WASHINGTON (RNS) — When she spoke at the first day of her Senate Judiciary Committee confirmation hearing as a nominee for Supreme Court justice, Judge Ketanji Brown Jackson stated her belief in God and her gratitude for divine blessings.
“I must also pause to reaffirm my thanks to God, for it is faith that sustains me at this moment,” she said on Monday (March 21). “Even prior to today, I can honestly say that my life has been blessed beyond measure.”
This echoed similar remarks after President Joe Biden announced her historic nomination.
“I must begin these very brief remarks by thanking God for delivering me to this point in my professional journey,” said Jackson after thanking Biden and Vice President Kamala Harris during the Feb. 25 speech. “My life has been blessed beyond measure, and I do know that one can only come this far by faith.”
Njeri Mathis Rutledge wasn’t surprised her former Harvard Law School classmate’s first impulse was to thank God.
“She’s a very sincere person so I believe that was in her heart to say,” said Rutledge, who lived in the same dorm and attended the same core classes with Jackson, an appellate court judge named by Biden to succeed Justice Stephen Breyer.

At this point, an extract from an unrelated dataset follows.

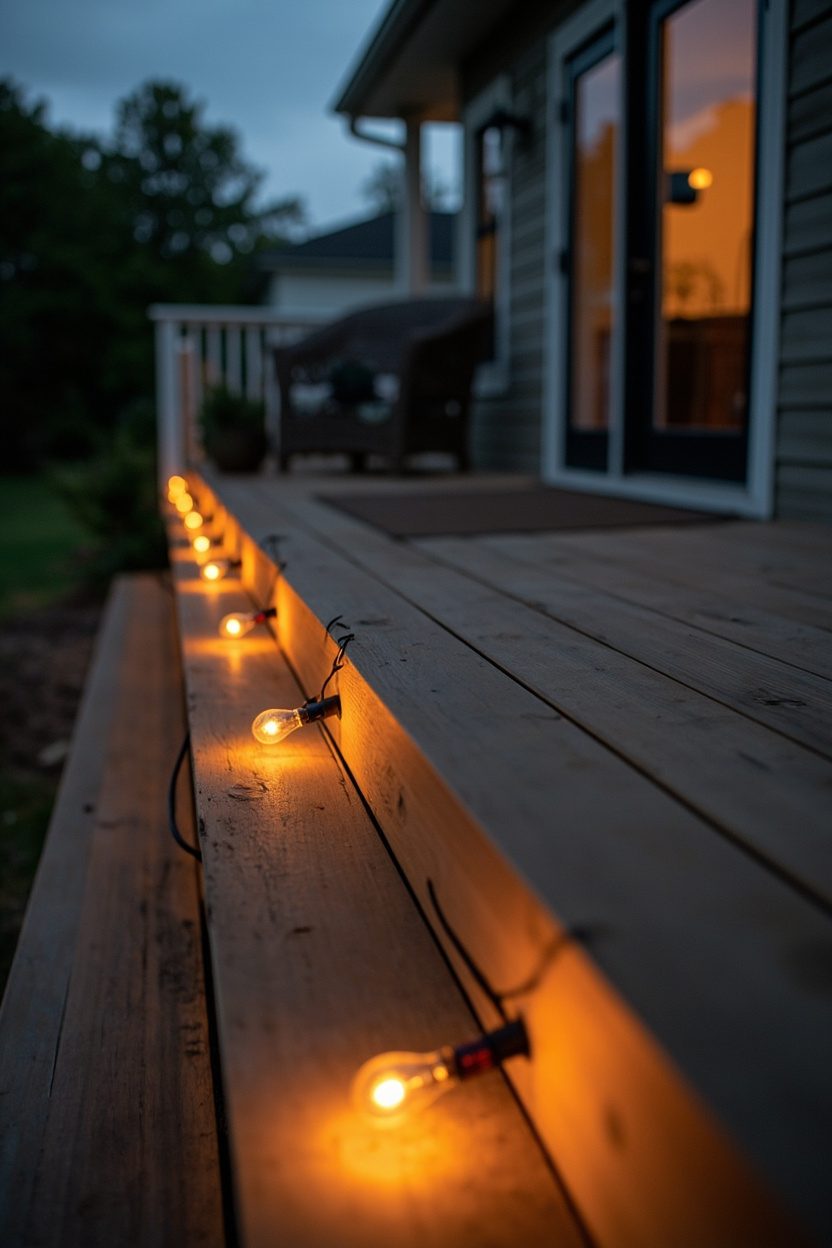 Low Deck with Perimeter Wire Lighting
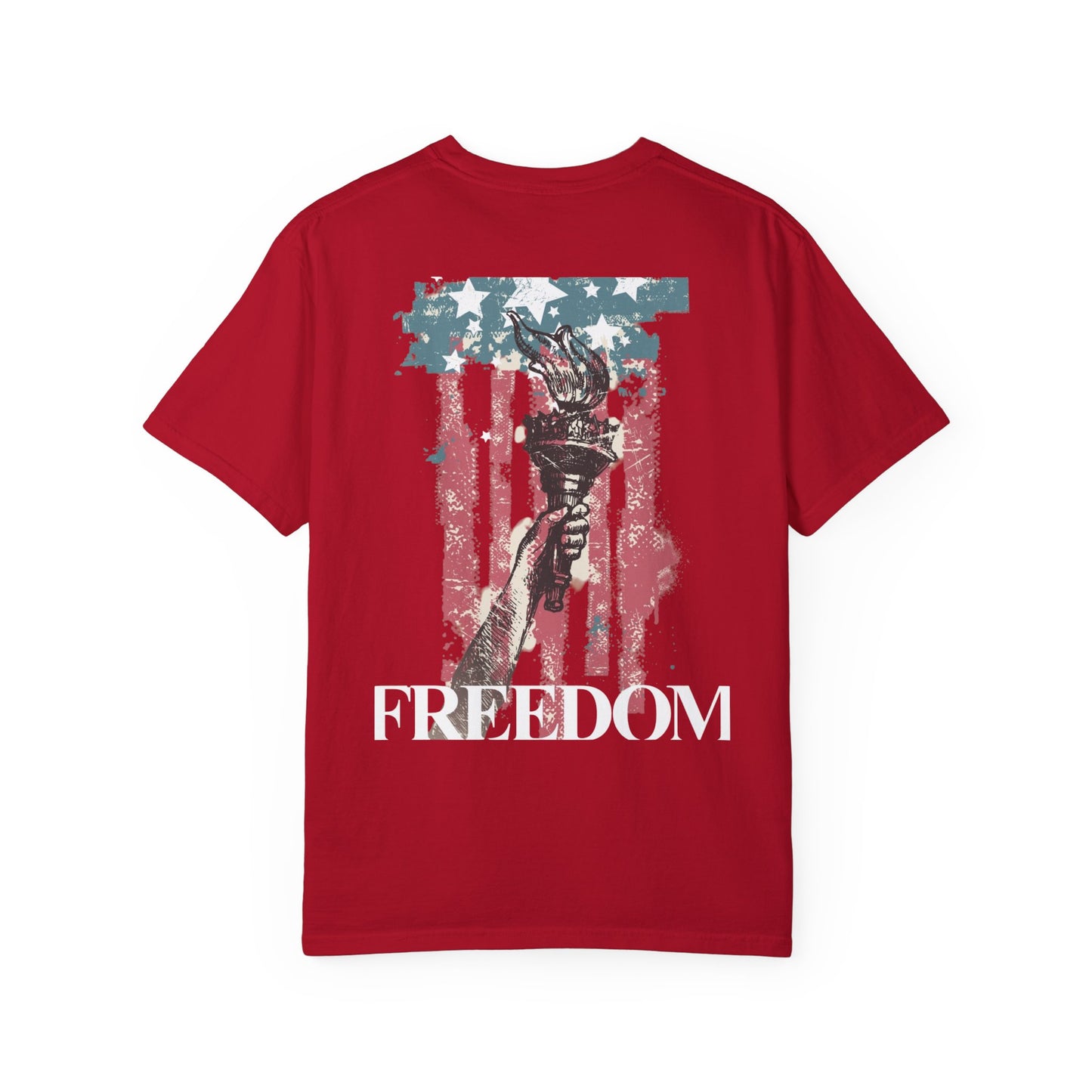 Patriotic Freedom T-shirt - Unisex Garment-Dyed Tee with Star & Liberty Design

“I think being a Black woman in the legal field, which can sometimes be hostile,” added Rutledge, “it does take faith.”
But Rutledge, now a professor of law at South Texas College of Law Houston, like many other admirers and supporters of Jackson, 51, does not know the details of her college friend’s religious practice, though she considers her to be “a woman of strong faith, strong Christian faith.” Rutledge, who is Facebook friends with Jackson, said she doesn’t recall whether or not Jackson, who “spent a lot of time with her studies,” attended a local Black church with her and some other Black students during their first year of law school.
She said Jackson — who would become the nation’s first Black female Supreme Court justice if confirmed — was not overtly expressive of her faith when they were in school together in the 1990s.
“The way that we express our faith is not just through words but by actions,” said Rutledge, describing Jackson’s kind and supportive ways, including making sure Rutledge had enough pencils before a civil procedure exam. “And she certainly had the heart of a Christian.”
Scant details of Jackson’s past or present faith are available, most of them drawn from a few speeches in a 2,086-page document from the Senate Judiciary Committee. Others questioned by Religion News Service could not describe her current religious practice, if any.
A staffer at the Senate Judiciary Committee could not comment further on details about Jackson’s faith.